Re: [RFC PATCH 1/3] seccomp: add SECCOMP_IOCTL_NOTIF_PIN_ARGS to close the unotify TOCTOU race
From: Cong Wang
Date: Wed May 06 2026 - 01:01:01 EST
On Mon, May 4, 2026 at 8:51 PM Christian Brauner <brauner@xxxxxxxxxx> wrote:
>
> On Sun, 03 May 2026 18:12:05 -0700, Cong Wang <xiyou.wangcong@xxxxxxxxx> wrote:
> > diff --git a/fs/namei.c b/fs/namei.c
> > index c7fac83c9a85..ee86f4c91cae 100644
> > --- a/fs/namei.c
> > +++ b/fs/namei.c
> > @@ -222,6 +223,24 @@ do_getname(const char __user *filename, int flags, bool incomplete)
> > [ ... skip 15 lines ... ]
> > + pin = seccomp_pin_lookup_current((u64)(uintptr_t)filename);
> > + if (pin && pin->kind == SECCOMP_PIN_CSTRING) {
> > + if (pin->size <= 1 && !(flags & LOOKUP_EMPTY))
> > + return ERR_PTR(-ENOENT);
> > + return getname_kernel(pin->data);
> > + }
>
> Sorry, no. That's just not acceptable at all. We're not spraying
> "continue from snapshotted state" across the vfs and the kernel in
> general. This is just screaming for security issues. Anything that wants
> to do something remotely like this needs to come as generic abstraction
> where the syscall layer itself doesn't have to care at all about this.
> There are just so many corners where you run into issues with this.
You're right. Having every fetch site consult a per-task pin pointer is
exactly the kind of cross-cutting awareness that doesn't scale.
How about the following direction instead?

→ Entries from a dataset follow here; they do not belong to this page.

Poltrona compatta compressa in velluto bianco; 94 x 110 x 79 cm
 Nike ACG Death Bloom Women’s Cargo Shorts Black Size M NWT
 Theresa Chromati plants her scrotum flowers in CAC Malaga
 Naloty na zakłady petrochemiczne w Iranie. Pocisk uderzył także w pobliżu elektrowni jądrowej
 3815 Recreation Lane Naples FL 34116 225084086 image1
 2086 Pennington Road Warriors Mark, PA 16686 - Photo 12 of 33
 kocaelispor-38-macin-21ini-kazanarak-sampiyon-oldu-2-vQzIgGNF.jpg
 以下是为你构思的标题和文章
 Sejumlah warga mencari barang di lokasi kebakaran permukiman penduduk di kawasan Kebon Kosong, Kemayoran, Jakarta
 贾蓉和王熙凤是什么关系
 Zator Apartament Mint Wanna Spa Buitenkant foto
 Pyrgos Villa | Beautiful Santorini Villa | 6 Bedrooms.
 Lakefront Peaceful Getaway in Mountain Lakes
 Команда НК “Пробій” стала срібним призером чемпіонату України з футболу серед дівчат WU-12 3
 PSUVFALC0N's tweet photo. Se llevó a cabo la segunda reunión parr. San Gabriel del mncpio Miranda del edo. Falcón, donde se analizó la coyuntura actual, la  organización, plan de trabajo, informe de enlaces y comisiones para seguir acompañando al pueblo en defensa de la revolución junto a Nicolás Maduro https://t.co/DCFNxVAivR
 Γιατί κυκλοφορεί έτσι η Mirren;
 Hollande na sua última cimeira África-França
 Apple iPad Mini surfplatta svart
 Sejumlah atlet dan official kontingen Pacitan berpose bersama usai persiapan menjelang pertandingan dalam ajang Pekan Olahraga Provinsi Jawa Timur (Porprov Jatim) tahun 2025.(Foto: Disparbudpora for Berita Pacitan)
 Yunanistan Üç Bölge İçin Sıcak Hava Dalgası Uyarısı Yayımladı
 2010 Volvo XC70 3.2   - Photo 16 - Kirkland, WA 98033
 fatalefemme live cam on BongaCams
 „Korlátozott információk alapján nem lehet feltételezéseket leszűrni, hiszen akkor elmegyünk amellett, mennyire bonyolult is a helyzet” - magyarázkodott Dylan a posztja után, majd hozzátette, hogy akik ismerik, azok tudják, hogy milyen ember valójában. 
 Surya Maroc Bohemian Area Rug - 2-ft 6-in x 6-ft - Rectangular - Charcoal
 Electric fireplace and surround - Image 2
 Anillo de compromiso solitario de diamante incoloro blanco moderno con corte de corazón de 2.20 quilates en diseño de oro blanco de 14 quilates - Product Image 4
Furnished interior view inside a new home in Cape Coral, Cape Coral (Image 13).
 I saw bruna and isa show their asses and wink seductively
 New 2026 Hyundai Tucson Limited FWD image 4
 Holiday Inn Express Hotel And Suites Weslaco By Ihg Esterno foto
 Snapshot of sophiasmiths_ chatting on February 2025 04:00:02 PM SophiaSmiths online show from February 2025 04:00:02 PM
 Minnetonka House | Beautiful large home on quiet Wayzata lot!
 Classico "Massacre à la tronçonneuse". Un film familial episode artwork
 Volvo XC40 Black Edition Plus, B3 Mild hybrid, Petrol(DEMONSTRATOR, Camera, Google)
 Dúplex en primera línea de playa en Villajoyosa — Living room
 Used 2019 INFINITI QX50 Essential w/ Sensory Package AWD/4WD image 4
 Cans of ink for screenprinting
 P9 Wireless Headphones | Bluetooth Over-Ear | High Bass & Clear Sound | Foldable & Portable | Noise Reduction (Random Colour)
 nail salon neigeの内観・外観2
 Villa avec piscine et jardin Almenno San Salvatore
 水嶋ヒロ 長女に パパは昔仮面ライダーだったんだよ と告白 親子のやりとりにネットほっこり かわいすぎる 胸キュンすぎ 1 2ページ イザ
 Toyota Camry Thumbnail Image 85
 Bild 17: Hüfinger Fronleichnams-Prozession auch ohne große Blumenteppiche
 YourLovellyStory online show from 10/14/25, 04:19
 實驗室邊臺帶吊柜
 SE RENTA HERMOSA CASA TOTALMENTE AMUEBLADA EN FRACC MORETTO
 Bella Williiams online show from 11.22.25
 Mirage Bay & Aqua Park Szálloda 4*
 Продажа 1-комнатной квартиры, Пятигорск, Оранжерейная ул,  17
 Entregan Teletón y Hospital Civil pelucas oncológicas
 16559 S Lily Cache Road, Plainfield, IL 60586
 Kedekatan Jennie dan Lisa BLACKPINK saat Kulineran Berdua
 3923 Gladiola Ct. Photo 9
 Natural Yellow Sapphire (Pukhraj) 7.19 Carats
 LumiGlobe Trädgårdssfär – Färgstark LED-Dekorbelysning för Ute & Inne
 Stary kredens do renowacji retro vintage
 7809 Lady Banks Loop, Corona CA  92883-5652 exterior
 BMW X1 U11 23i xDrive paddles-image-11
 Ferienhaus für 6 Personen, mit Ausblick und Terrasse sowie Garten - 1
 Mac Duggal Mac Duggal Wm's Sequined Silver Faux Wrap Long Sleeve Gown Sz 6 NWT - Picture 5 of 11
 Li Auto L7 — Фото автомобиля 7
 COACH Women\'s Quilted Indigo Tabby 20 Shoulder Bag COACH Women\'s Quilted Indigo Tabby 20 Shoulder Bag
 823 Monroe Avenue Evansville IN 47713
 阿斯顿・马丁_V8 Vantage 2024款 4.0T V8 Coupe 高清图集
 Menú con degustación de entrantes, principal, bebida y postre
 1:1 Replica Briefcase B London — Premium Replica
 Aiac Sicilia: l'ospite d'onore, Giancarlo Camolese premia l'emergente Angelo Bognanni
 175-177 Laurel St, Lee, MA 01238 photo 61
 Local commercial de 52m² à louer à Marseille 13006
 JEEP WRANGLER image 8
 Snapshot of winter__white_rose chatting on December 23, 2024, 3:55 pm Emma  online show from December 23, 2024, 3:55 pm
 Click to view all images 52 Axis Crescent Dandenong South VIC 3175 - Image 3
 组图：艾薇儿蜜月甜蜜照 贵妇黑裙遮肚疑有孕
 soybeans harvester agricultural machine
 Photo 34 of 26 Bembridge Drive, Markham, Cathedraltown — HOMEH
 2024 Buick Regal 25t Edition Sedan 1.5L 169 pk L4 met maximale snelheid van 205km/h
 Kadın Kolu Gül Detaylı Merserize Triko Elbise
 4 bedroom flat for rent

Reshape the mechanism as a PTRACE_SYSCALL-style redirect, applied at
the notification reply path. The supervisor describes:
struct seccomp_notif_inject {
__u64 id;
__u64 nr;
__u64 args[6];
__u64 buf; /* __user, kernel-input bytes */
__u32 buf_size;
__u32 args_in_buf_mask; /* bit i: args[i] is offset into buf */
};
NOTIF_SEND with a new FLAG_INJECTED applies the redirect. The trapped
task's nr/args registers are set via syscall_set_nr() and
syscall_set_arguments() (the same primitives ptrace uses for syscall
substitution today), and any arg flagged in args_in_buf_mask is
satisfied from a kernel-side buffer rather than from the trapped
task's mm. fs/, net/, mm/, lib/ get zero changes. The whole feature
lives in a new kernel/seccomp_inject.c plus a small dispatcher in
kernel/seccomp.c.
This is intentionally a strict subset of what ptrace can already do
via PTRACE_POKEDATA + PTRACE_SETREGSET. This does not add a
kernel capability; it provides a listener-fd-gated,
syscall-whitelisted, narrower interface to that capability for
unprivileged seccomp_unotify supervisors, where ptrace's privilege
model and per-syscall overhead are not viable. SECCOMP_IOCTL_NOTIF_ADDFD
set the precedent for this kind of narrow listener-fd interface to a
ptrace-overlapping capability.
Thanks,
Cong